◆ **What you need to do**: With the pictures removed, reproduce exactly the lines from the one that contains "np.transpose, np.reshape" through the last line of the entries below.

══ Entries provided

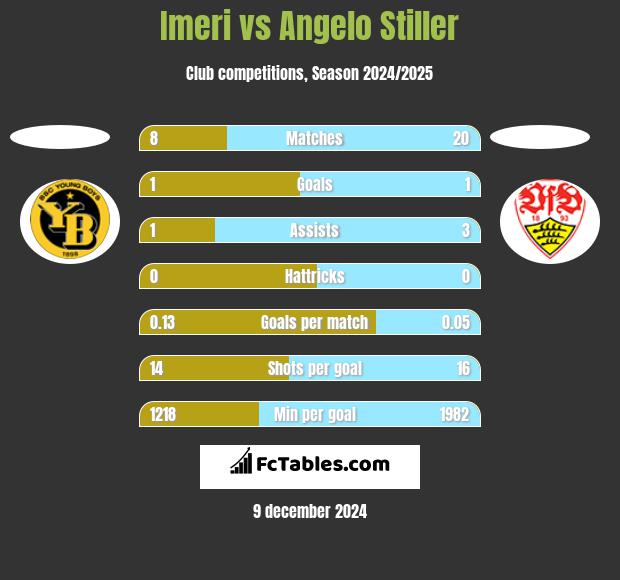 Imeri vs Angelo Stiller h2h player stats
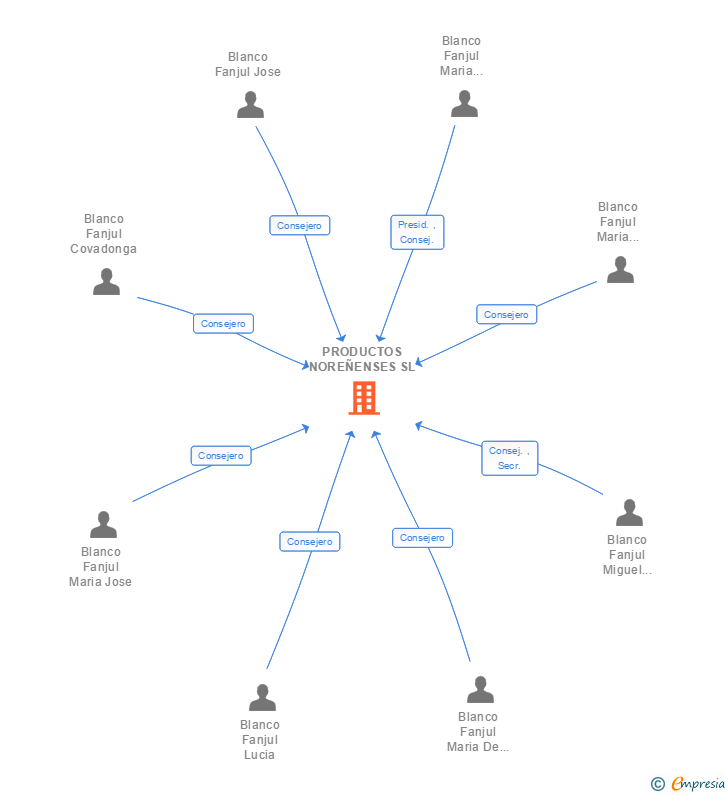 Vinculaciones societarias de PRODUCTOS NOREÑENSES SL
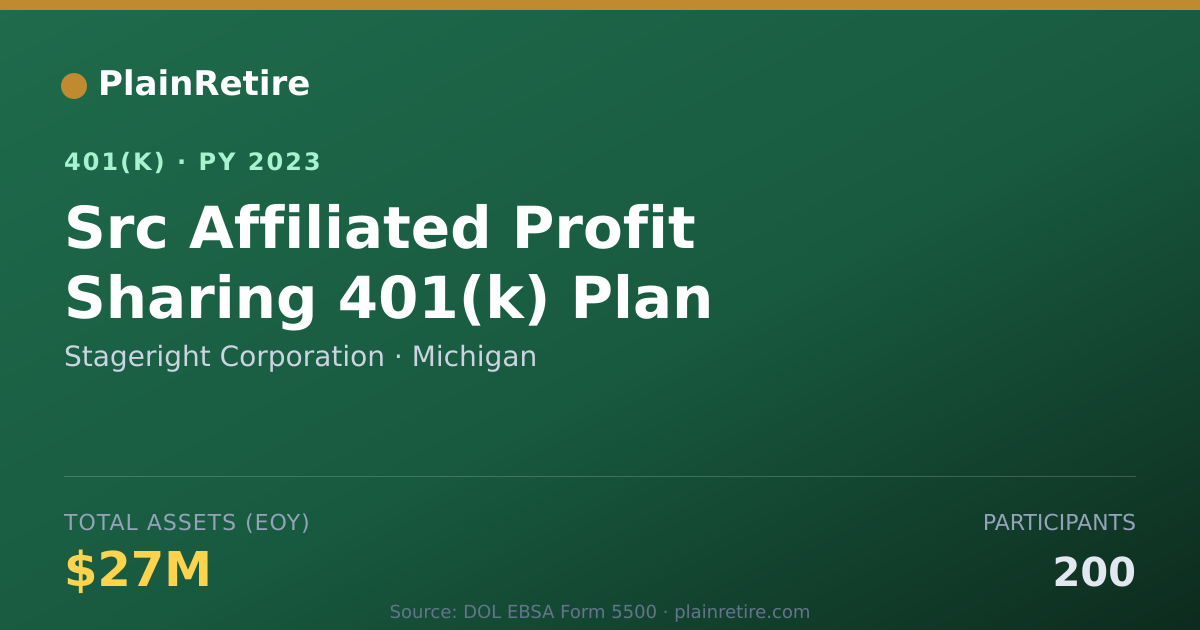 Shareable card for Stageright Corporation 401(k) Plan (2023)
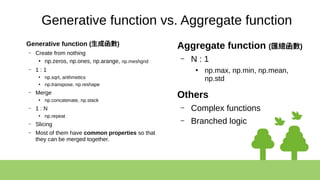 Generative function vs. Aggregate function
Generative function (生成函數)
– Create from nothing
●
np.zeros, np.ones, np.arange, np.meshgrid
– 1 : 1
●
np.sqrt, arithmetics
●
np.transpose, np.reshape
– Merge
●
np.concatenate, np.stack
– 1 : N
●
np.repeat
– Slicing
– Most of them have common properties so that
they can be merged together.
Aggregate function (匯總函數)
– N : 1
●
np.max, np.min, np.mean,
np.std
Others
– Complex functions
– Branched logic
 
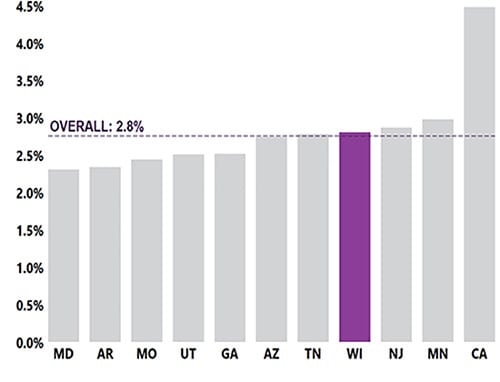 Wisconsin: Chart showing 2.8% of 8-year-old children were identified with ASD in WISADDS in 2020.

════

◆ **Expected answer**:
np.transpose, np.reshape
– Merge
●
np.concatenate, np.stack
– 1 : N
●
np.repeat
– Slicing
– Most of them have common properties so that
they can be merged together.
Aggregate function (匯總函數)
– N : 1
●
np.max, np.min, np.mean,
np.std
Others
– Complex functions
– Branched logic
 
 Wisconsin: Chart showing 2.8% of 8-year-old children were identified with ASD in WISADDS in 2020.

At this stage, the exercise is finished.